[[ Extracted records, beginning ]]
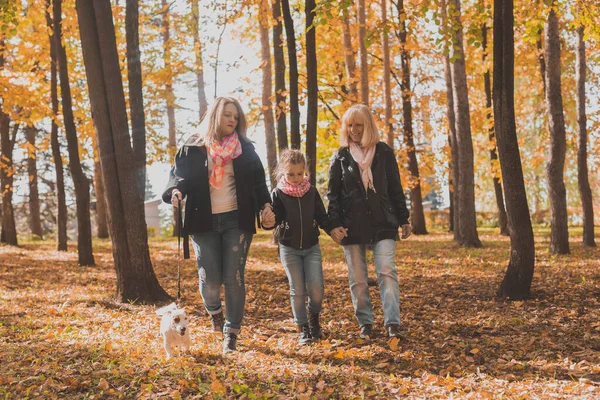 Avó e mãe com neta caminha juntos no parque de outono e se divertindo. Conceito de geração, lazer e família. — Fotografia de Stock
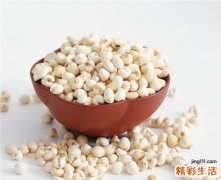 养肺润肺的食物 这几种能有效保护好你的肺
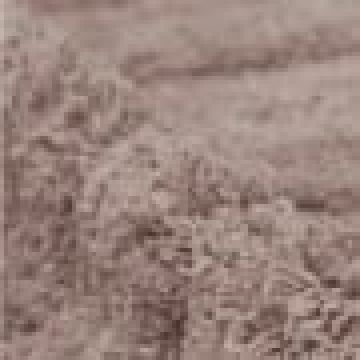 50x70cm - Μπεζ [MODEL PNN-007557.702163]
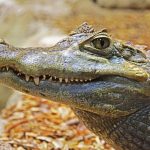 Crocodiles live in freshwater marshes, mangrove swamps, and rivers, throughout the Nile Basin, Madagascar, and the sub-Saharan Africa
[[ Extracted records, end ]]
[[ Extracted records, beginning ]]
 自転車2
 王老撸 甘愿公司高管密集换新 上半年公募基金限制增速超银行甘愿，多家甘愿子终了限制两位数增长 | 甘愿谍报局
[[ Extracted records, end ]]
# Problem:
Only the lines of the listing above from the one with "Avó e mãe com" through the one with "Crocodiles live in" should be output, exactly, with both ends kept and pictures left out.

# Exercise solution:
 Avó e mãe com neta caminha juntos no parque de outono e se divertindo. Conceito de geração, lazer e família. — Fotografia de Stock
 养肺润肺的食物 这几种能有效保护好你的肺
 50x70cm - Μπεζ [MODEL PNN-007557.702163]
 Crocodiles live in freshwater marshes, mangrove swamps, and rivers, throughout the Nile Basin, Madagascar, and the sub-Saharan Africa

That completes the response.